Less exposed to UK but still worry
The South Jetties, Cork, in 1953, dominated by the national grain silos. In 1926, almost 97% of Irish goods exports went to the UK; it is now less than 13.5%.Picture: Irish Examiner archives.

Ireland has the distinction of having been the EU28’s fastest growing economy in three of the past four years, writes Philip O’Sullivan.

The latest economic data suggest that this strength has continued into 2018.

High-frequency indicators such as the purchasing managers’ surveys in manufacturing, services, and the construction industries point to a sharp rate of expansion, though not quite at the blistering pace seen at the end of last year.

Tax receipts were 3% higher in the first two months of 2018, with this growth rate expected to quicken as the year progresses.

Unemployment continues to fall, standing at a nine-and-a-half year low of 6.1% in February, and the latest headline GDP figures imply the economy will expand by a remarkable 5.5% in 2018, keeping it in the top tier of the EU growth charts.

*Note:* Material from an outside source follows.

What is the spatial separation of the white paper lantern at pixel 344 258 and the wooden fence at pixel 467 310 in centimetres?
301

Employment remains a key source of good news. The manufacturing surveys suggest that labour market conditions should continue to tighten in 2018, which should push wages higher. Wages rose 2.5% at the end of 2017 from a year earlier.

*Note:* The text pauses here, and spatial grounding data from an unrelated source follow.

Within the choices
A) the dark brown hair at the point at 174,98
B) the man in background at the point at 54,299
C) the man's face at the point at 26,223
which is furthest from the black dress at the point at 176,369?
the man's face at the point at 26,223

Rising employment and wage growth should deliver another good year for many retailers. Headline retail sales are still, however, being weighed by the drop in the value of sterling, which has led to a drop in new car sales.

The most pressing issue in the country remains a chronic lack of housing.

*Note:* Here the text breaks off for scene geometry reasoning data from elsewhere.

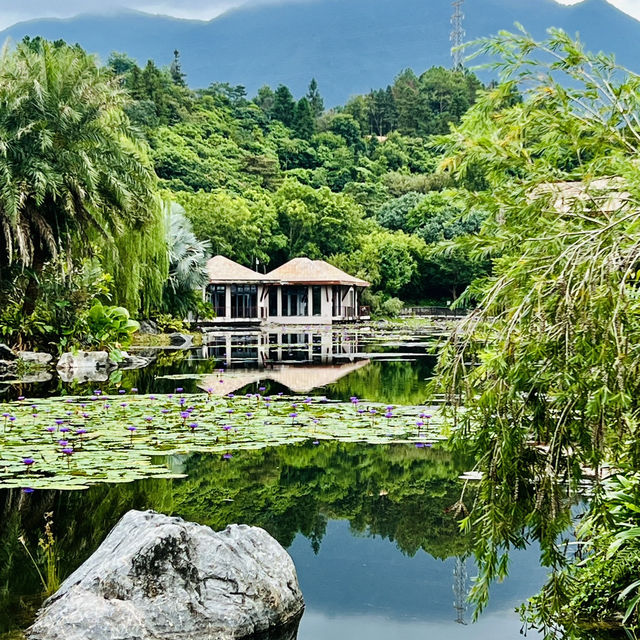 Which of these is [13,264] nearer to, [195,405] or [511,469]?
[195,405]

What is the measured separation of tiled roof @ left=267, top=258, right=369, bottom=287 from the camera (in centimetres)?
4382

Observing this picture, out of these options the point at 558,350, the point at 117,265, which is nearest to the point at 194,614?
the point at 558,350

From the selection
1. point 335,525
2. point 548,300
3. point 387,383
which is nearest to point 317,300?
point 387,383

The key message here remains that it will be a number of years before output can meet the flow of new demand.

To this end, we continue to foresee strong house price growth, probably around 8% in 2018. Rents will, unsurprisingly, rise by similar amounts, although rent caps in the key urban centres will see a slower growth in rents.

On trade, January saw record monthly goods exports of €12.3bn and the export component of the Services Purchasing Managers’ Index survey posted 15 successive months of expansion.

These indicators point to another good year for exports in 2018. However, unhelpful currency moves lead us to be somewhat conservative in our estimates.

The public finances are also unsurprisingly tapping the rising economy. We see a full-year general government surplus in 2018, the first that Ireland will have recorded since 2007.

General government debt could be below 60% by the end of the decade. And household debt has also fallen to its lowest level since late 2005.

As US president John F Kennedy said in 1962: “The time to repair the roof is when the sun is shining.”

And while the sun shines on Ireland, there are a number of risks. The Brexit negotiations are a key focus for Ireland.

While we have reduced our exposure to the UK. In 1926, remarkably, almost 97% of Irish goods exports went to Britain; it is now less than 13.5%.

Last year brought welcome reassurance, particularly in terms of trade on the island of Ireland, and beyond, although some of the detail remains to be worked out.

The 21-month transition period after March 2019 provides some welcome breathing space.

Other risks? More than 40% of Irish mortgages are on trackers with an average 1% spread over the ECB base rate.

However, while those borrowers are likely to see modest increases over the coming years, other borrowers could see their mortgage costs come down given where standard variable rate and fixed rates are here relative to elsewhere in the eurozone.

A greater concern for us is any adverse developments in the currency markets, while political developments in the US and eurozone also merit monitoring.

Philip O’Sullivan is chief economist at Investec Ireland.